*Available data*.
++++++++

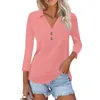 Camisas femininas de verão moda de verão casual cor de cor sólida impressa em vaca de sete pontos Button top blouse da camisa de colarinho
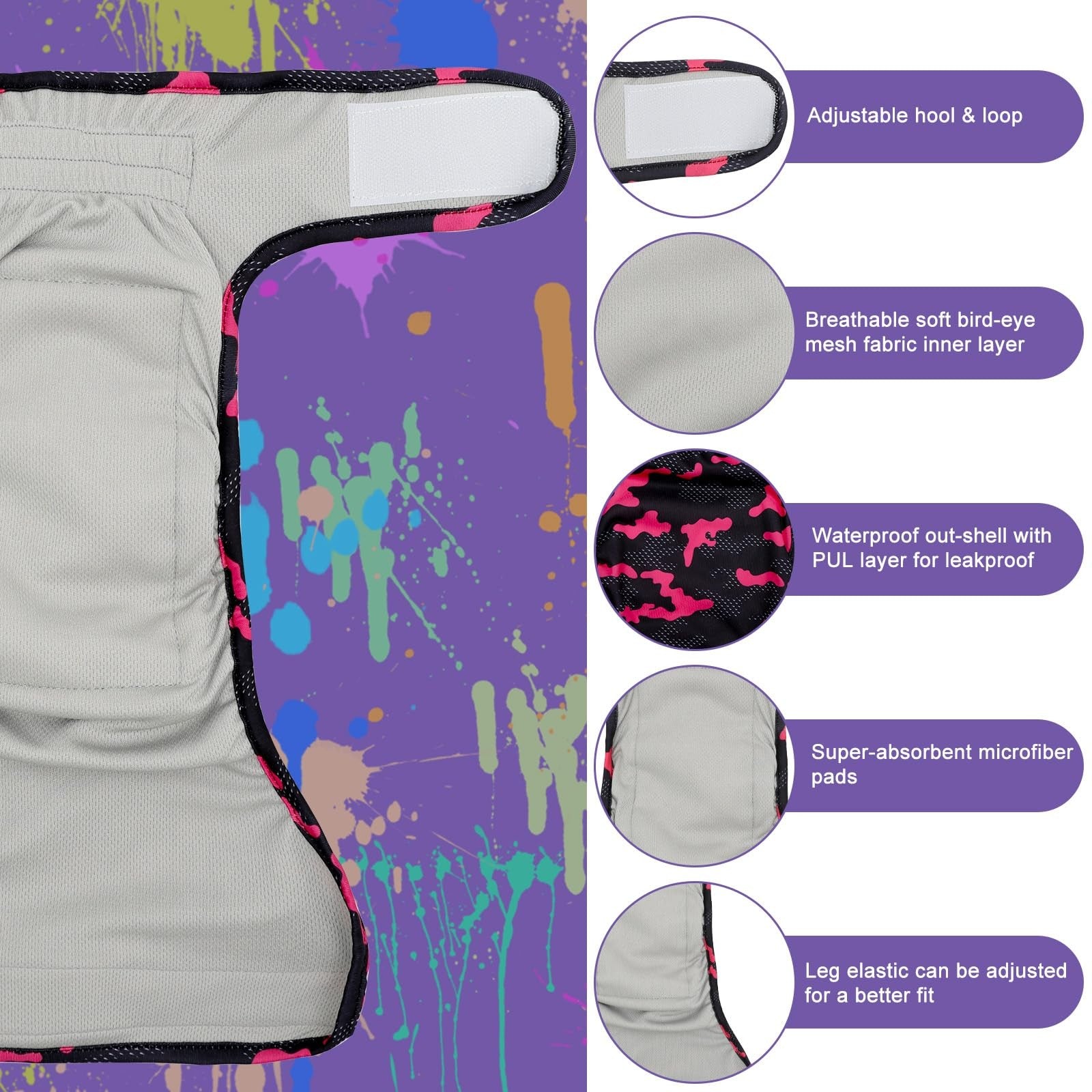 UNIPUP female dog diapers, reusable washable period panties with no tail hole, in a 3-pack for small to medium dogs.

++++++++

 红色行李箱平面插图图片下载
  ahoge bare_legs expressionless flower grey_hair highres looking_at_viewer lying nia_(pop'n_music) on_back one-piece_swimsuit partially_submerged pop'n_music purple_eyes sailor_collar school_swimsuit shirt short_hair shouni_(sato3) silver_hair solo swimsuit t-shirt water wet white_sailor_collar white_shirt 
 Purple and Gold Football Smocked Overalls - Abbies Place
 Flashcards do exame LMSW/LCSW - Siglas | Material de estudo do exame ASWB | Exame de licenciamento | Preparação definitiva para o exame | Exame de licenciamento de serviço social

++++++++

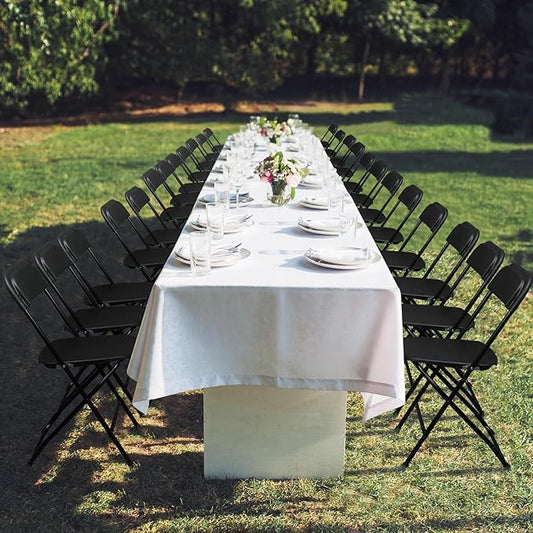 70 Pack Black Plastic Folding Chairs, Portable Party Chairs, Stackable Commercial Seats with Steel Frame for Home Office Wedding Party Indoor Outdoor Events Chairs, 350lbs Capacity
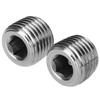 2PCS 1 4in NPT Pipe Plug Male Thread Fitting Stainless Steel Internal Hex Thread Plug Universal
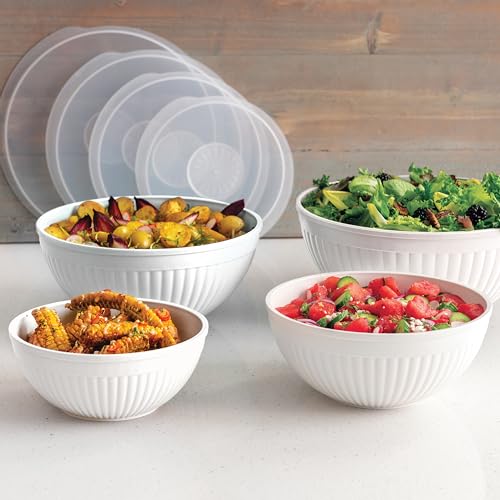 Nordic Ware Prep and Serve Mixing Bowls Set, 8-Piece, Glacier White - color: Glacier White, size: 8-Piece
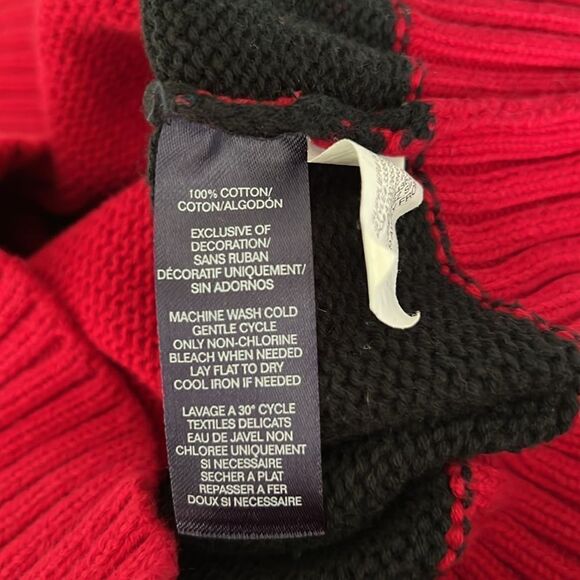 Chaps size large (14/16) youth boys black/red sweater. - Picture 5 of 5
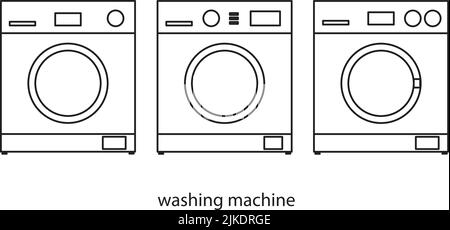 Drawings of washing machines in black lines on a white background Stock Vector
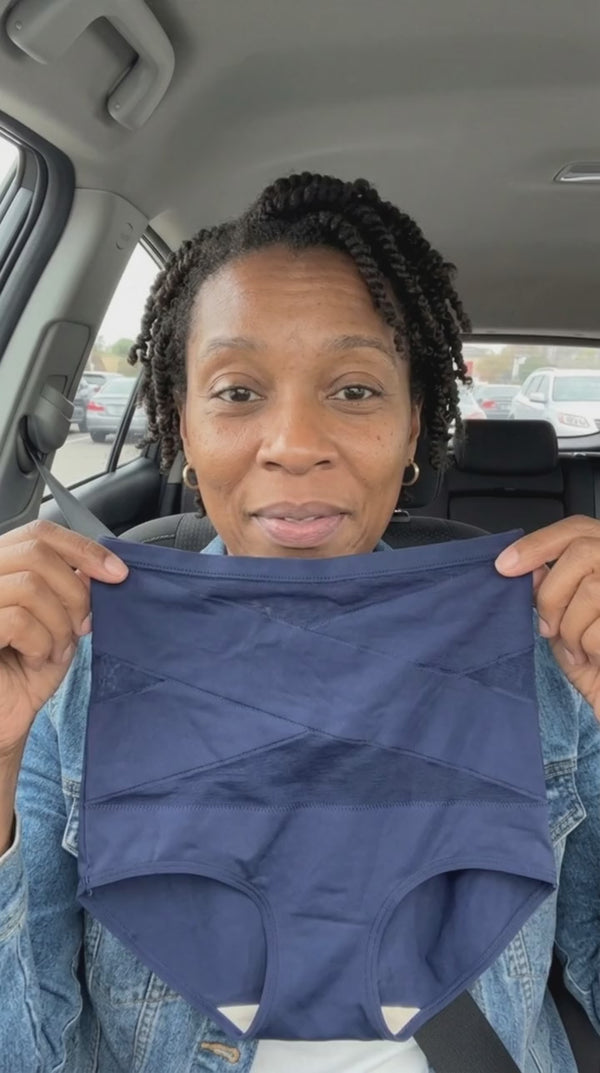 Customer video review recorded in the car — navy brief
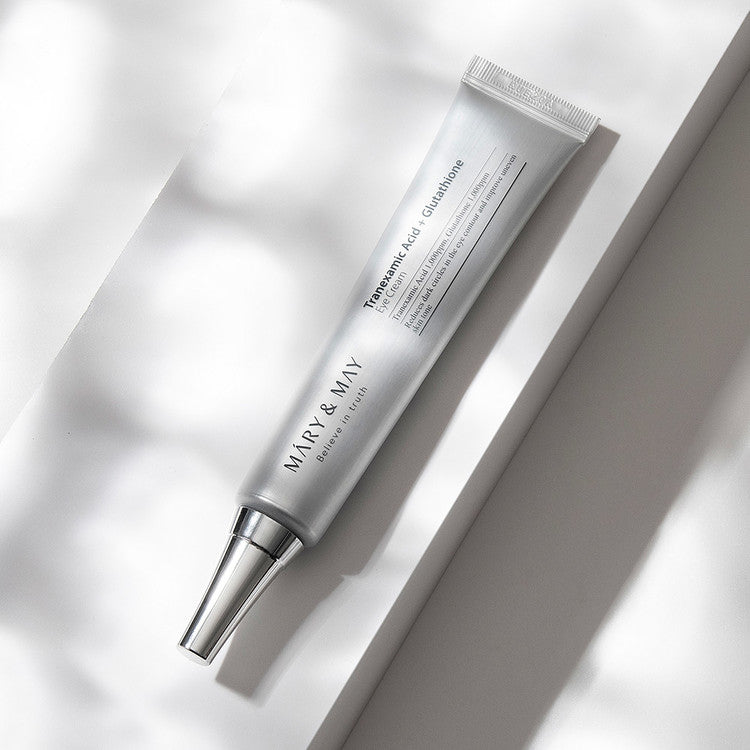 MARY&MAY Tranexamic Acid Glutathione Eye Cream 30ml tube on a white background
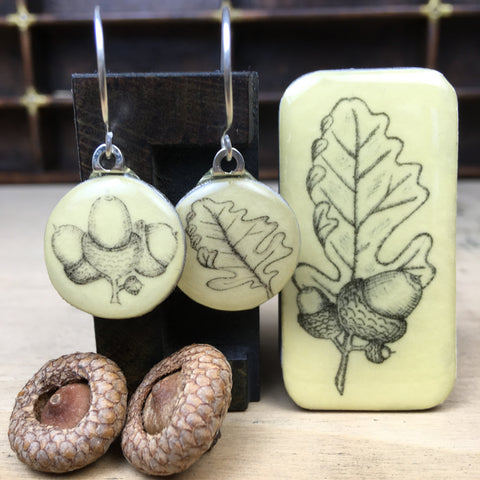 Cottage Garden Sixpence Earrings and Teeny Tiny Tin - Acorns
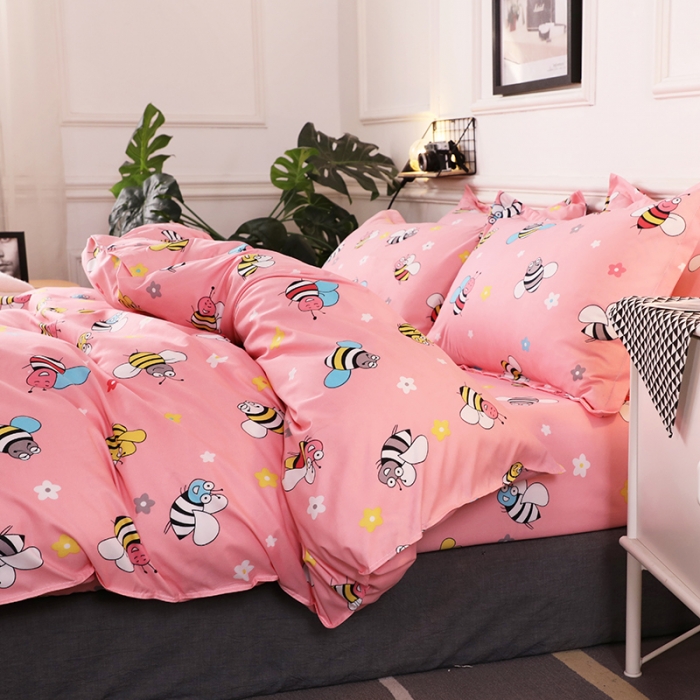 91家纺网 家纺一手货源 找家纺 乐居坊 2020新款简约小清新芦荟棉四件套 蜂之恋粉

++++++++

*Exercise aim*. Only the lines starting at the one that includes "Camisas femininas de" and ending at the one that includes "UNIPUP female dog" should be retyped, exactly, from the records above; no pictures.

*Answer section*.
 Camisas femininas de verão moda de verão casual cor de cor sólida impressa em vaca de sete pontos Button top blouse da camisa de colarinho
 UNIPUP female dog diapers, reusable washable period panties with no tail hole, in a 3-pack for small to medium dogs.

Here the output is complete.